--- Task brief ---
When the line with "Kelly Cottle Natural Therapies" turns up below, begin repeating exactly, and carry on through the line with "2025 Mazda Mazda CX-90 3.3 Turbo Select"; no pictures go into the copy.

--- Information shown ---
──────────────────────────────
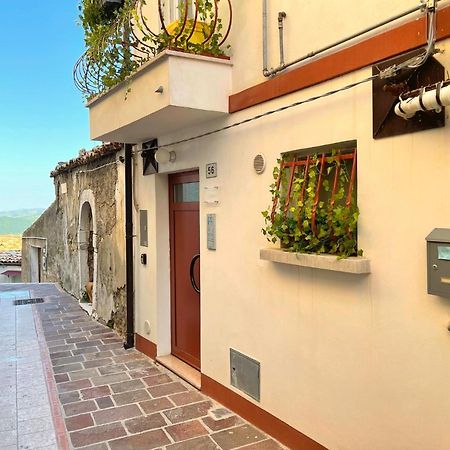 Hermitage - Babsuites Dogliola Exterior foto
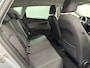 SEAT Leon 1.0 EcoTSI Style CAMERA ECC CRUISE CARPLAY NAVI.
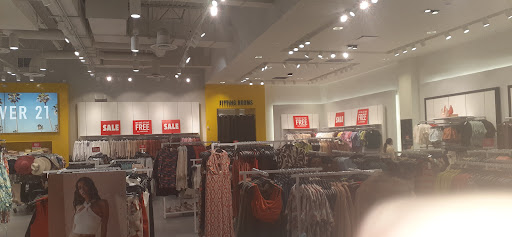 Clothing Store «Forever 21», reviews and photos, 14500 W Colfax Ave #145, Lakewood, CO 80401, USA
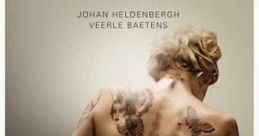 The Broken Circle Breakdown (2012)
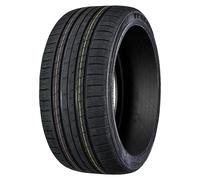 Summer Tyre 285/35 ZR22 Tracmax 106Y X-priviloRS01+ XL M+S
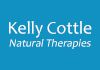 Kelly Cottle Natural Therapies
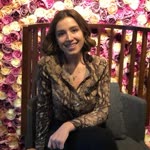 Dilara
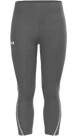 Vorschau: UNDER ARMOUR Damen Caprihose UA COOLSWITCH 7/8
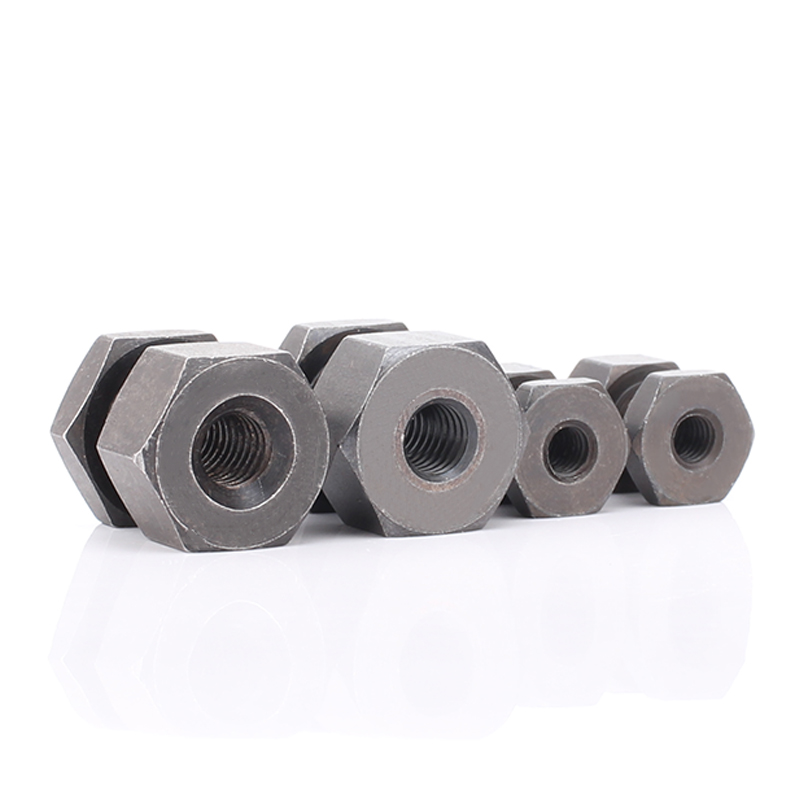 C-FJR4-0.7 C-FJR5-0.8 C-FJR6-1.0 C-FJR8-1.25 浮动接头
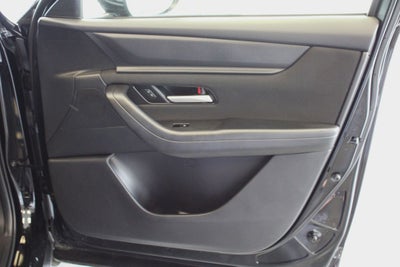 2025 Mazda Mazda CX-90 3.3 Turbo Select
──────────────────────────────
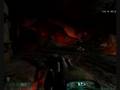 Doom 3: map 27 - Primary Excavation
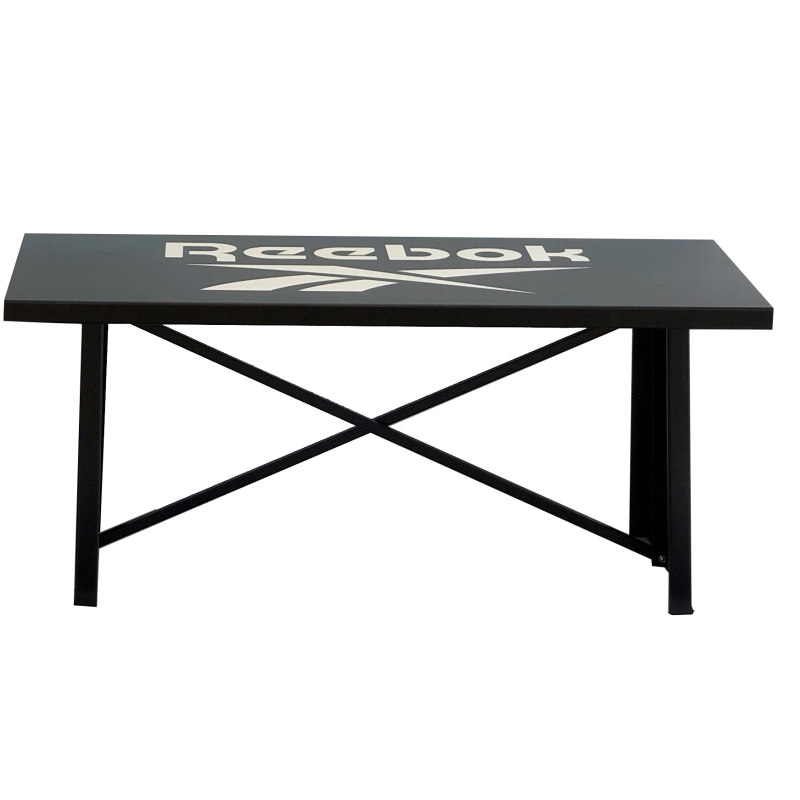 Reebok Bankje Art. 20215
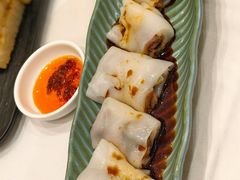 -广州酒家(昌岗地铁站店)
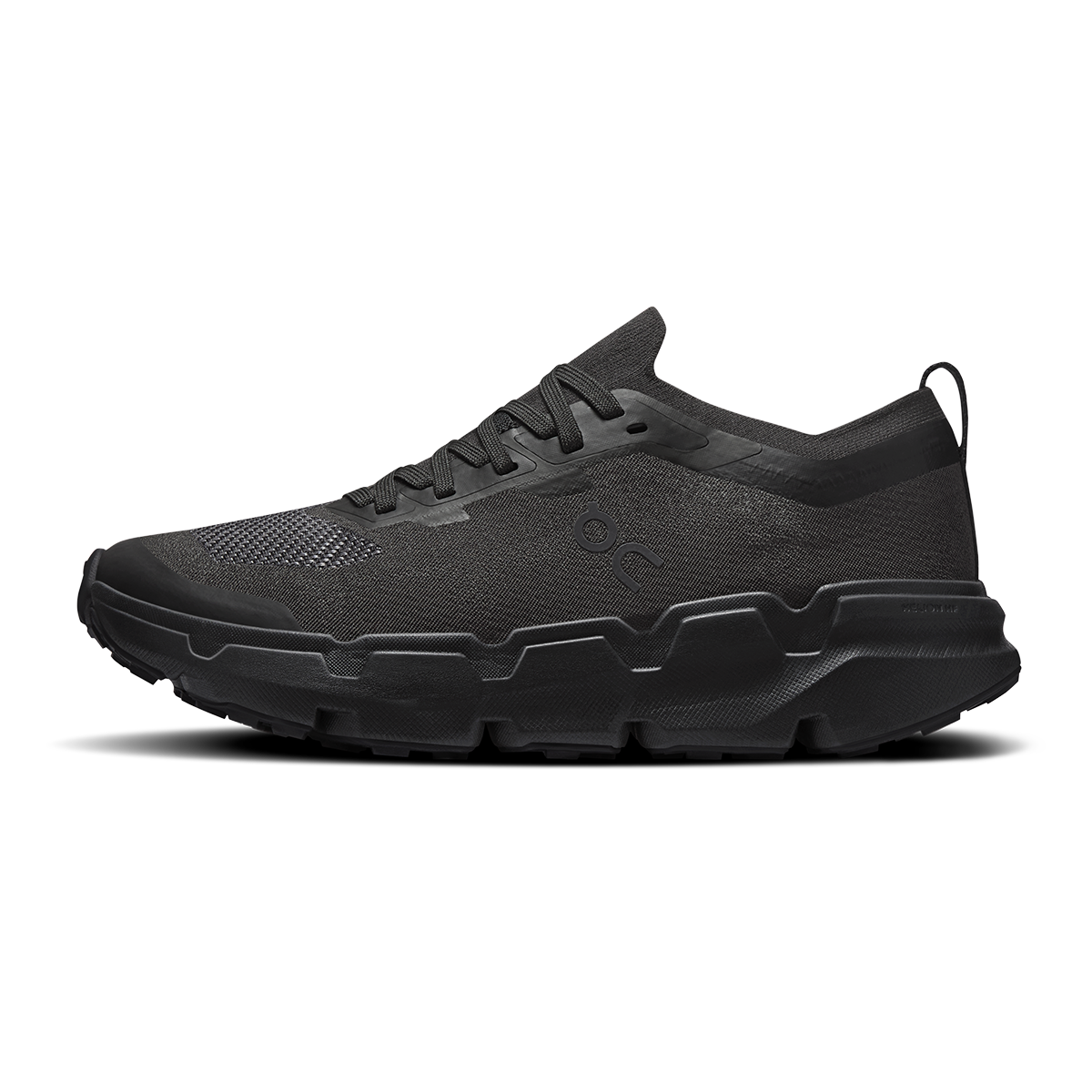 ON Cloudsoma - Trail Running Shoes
──────────────────────────────
--- Task solution ---
 Kelly Cottle Natural Therapies
 Dilara
 Vorschau: UNDER ARMOUR Damen Caprihose UA COOLSWITCH 7/8
 C-FJR4-0.7 C-FJR5-0.8 C-FJR6-1.0 C-FJR8-1.25 浮动接头
 2025 Mazda Mazda CX-90 3.3 Turbo Select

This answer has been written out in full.